Line by line, copy out the entries exactly and leave the pictures behind.
◆ ◆ ◆ ◆ ◆
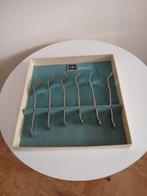 Set van 6 Gero Zilmeta taartvorkjes - Vintage model, Ophalen of Verzenden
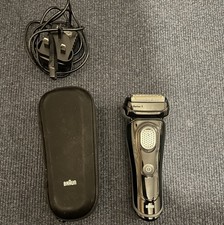 Braun Series 9  Wet & Dry  - USED  travel case and charger 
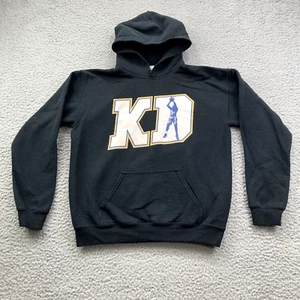 Kevin Durant Youth Sweatshirt Large Black Cotton Blend Basketball - Picture 1 of 9
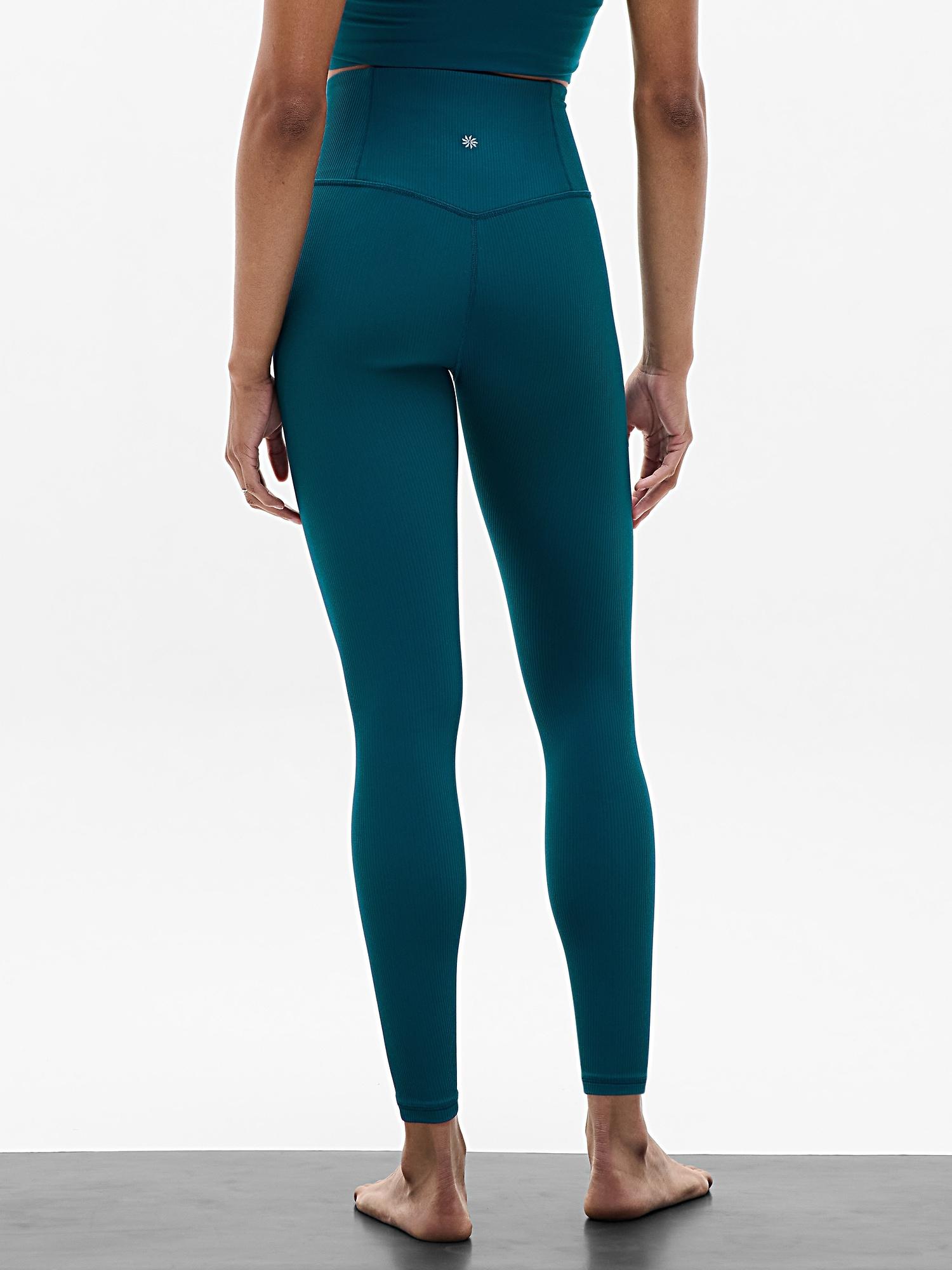 Elation Ultra High Rise Rib Legging Product Image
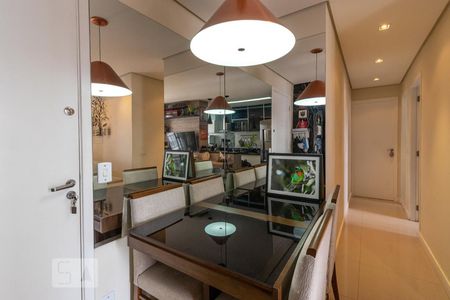 Sala de Jantar de apartamento à venda com 2 quartos, 49m² em Imirim, São Paulo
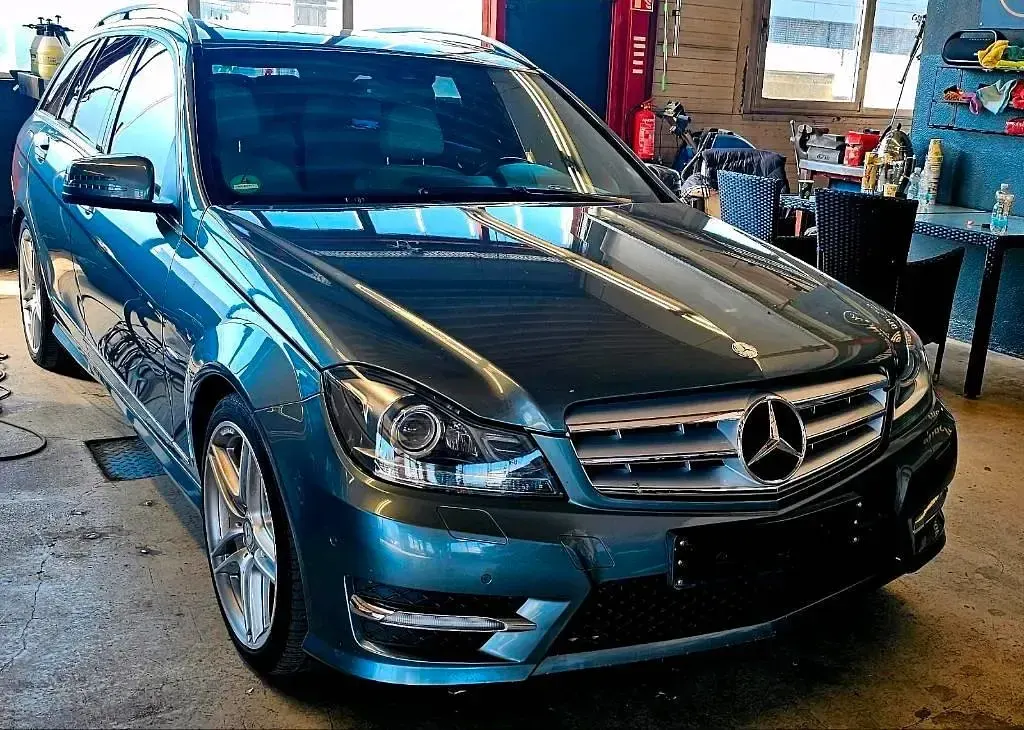 Gebraucht Mercedes C250 AMG 204 PS (150 kW) 2012 Grau Kombi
◆ ◆ ◆ ◆ ◆
*RESPONSE*
 Set van 6 Gero Zilmeta taartvorkjes - Vintage model, Ophalen of Verzenden
 Braun Series 9  Wet & Dry  - USED  travel case and charger 
 Kevin Durant Youth Sweatshirt Large Black Cotton Blend Basketball - Picture 1 of 9
 Elation Ultra High Rise Rib Legging Product Image
 Sala de Jantar de apartamento à venda com 2 quartos, 49m² em Imirim, São Paulo
 Gebraucht Mercedes C250 AMG 204 PS (150 kW) 2012 Grau Kombi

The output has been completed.